For the reasons given, I respectfully dissent.
* * * *
1. Although the petitioner cites FSM Crim. R. 11(f) as containing the quoted language, those words are now in our Rule 11(e)(5). Our references throughout this opinion are to the rules in the form issued on April 25, 1990. See GCO 1990-2. These rules by their terms apply to "all criminal proceedings now pending" and will govern the conduct of the trial court as the litigation proceeds at the trial level.

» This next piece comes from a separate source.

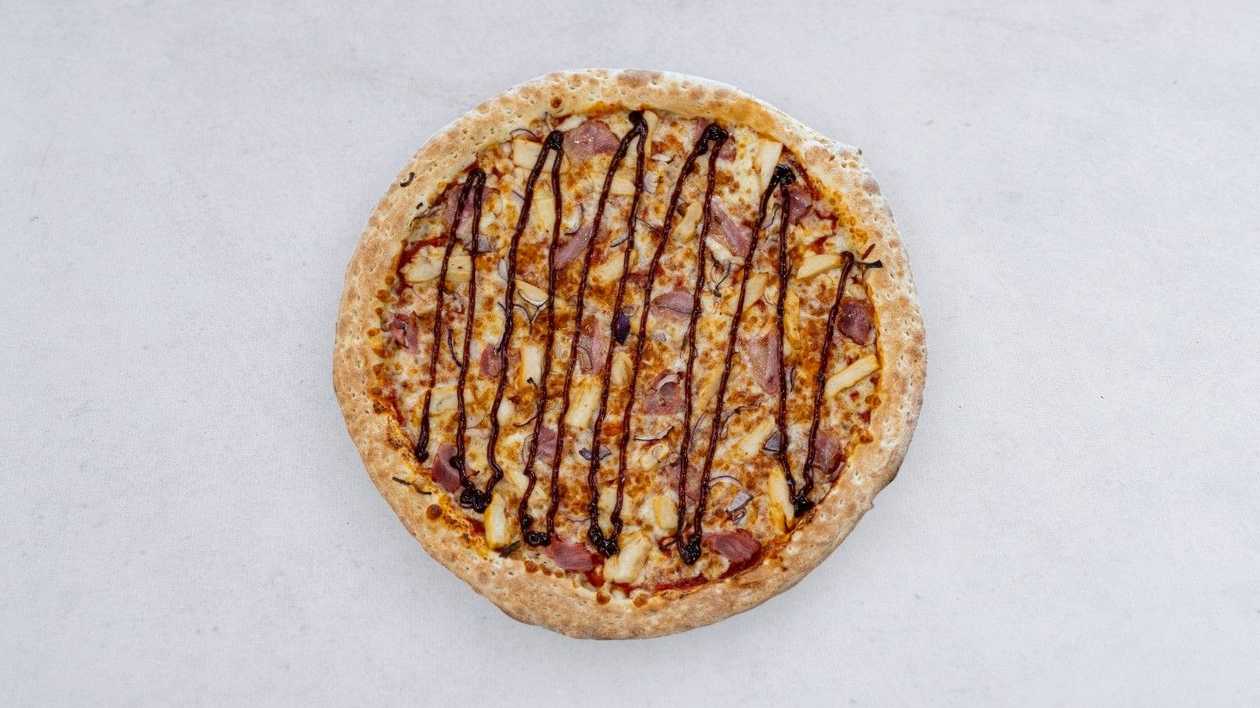 PIZZA KURCZAK BBQ 35 CM🍕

2. This is, however, by no means a uniformly accepted proposition. See United States v. Moore, 637 F.2d 1194 (8th Cir. 1981) (a district court is under no duty to consider a negotiated plea agreement); In re Yielding, 599 F.2d 251 (8th Cir. 1979); United States v. Jackson, 563 F.2d 1145, 1147 (4th Cir. 1977) ("Rule  leaves to the court the option of whether it will accept or reject the plea agreement.") See also United States v. Ocanas, 628 F.2d 353, 358 (5th Cir. 1980) ("Under Rule 11, the trial court clearly retains discretion in accepting or rejecting plea bargains."); United States v. Adams, 634 F.2d 830, 835 (5th Cir. 1981) ("The prohibition stated in Rule 11(e)(1) [against the trial court entering into plea agreement discussions] is necessarily absolute because of what is required of the judge once an agreement is reached: the court must decide for itself whether to accept or reject the plea bargain.").

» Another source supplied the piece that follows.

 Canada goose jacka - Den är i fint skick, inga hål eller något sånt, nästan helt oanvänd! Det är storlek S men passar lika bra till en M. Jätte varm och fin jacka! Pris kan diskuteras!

3. Since our rules of criminal and appellate procedure are based in great part upon those of the United States federal court system, it bears mention that United States' courts have consistently held that a trial court's refusal to accept a plea agreement is not subject to overruling by writ of mandamus or prohibition. United States v. Carrigan, 778 F.2d 1454, 1467 (10th Cir. 1985) ("[T]he authority to accept or reject a plea bargain agreement under Rule 11(e) is confined almost entirely to the trial court's discretion. A district court is under no duty to consider a plea agreement or to accept or reject it....'Where a matter is committed to discretion, it cannot be said that a litigant's right to a particular result is "clear and indisputable."'"); In re Yielding, 599 F.2d 251, 253 (8th Cir. 1979)("Since Rule 11(e)(2) gives the court the right to reject the plea bargain, it would be a useless act to require a district judge to listen to the agreement when he has already decided to exercise his right of rejection...."). Petitioner has directed us to only one exception. That case, In re Arvedon, 523 F.2d 914 (1st Cir. 1975), is distinguishable. The Arvedon court terminated the plea hearing before examining into either the factual basis for the plea or the petitioner's belief as to his guilt or innocence. In Mr. Main's case, the trial court heard a full explanation of the factual basis for the proposed plea.
Moreover, the appellate court's decision in Arvedon was grounded upon its finding that the trial court had plainly misapplied Rule 20 of the Federal Rules of Criminal Procedure, a rule which is not at issue before this Court.